Count Ubisoft’s latest anti-piracy plan as another ill-conceived scheme that punishes legitimate players.

Gamespy reports that the publisher will allow unlimited installs of its future PC games, but Ubisoft’s servers will handle saved games and authentication. That means you can’t play without an Internet connection.

In way, it’s a forward-thinking plan. Ubisoft’s looking ahead to a time when Internet connections will be everywhere, so you’ll never have a problem proving you paid for a copy of the game. Storing saved games online also means you can start playing on your laptop from where you left off on your desktop.

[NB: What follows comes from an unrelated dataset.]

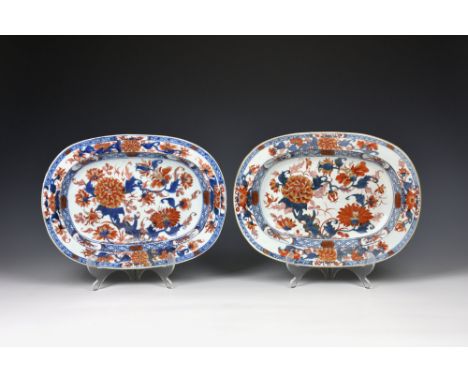 A pair of Chinese porcelain Imari decorated platters, probably Qianlong period (1736-1795), rounded rectangular form, decorat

The big problem is we’re not yet in the age of ubiquitous Internet connections. Sure, you’ll have no problem playing at home — unless your Internet connection goes out for whatever reason — but this scheme rules out airplanes, remote areas or hotels that don’t have Wi-Fi. Ubisoft is betting most people don’t play in those situations, but it’s not fair for the publisher to make that decision. At the very least, Ubisoft game boxes should have big warning labels so players know what they’re getting.

One other concern: Ubisoft’s authentication servers aren’t guaranteed for life, and 10 years from now, players could be shut out of the game they bought. In fact, last time Ubisoft tried online authentication with Assassin’s Creed, some players had trouble immediately after purchasing.

In any case, is this really a fool-proof method for stopping piracy? If it was, I’d think other publishers would be using the same methods. Even Steam, a major platform for PC gaming that uses online authentication, has an offline mode.

The funny thing is that, in 2008, Ubisoft released Prince of Persia for PC with no digital rights management, apparently fed up with its past failures to stop piracy. I don’t know the results of that little experiment, but I guess Ubisoft figured it’s more profitable to penalize their paying customers than to let pirates roam free.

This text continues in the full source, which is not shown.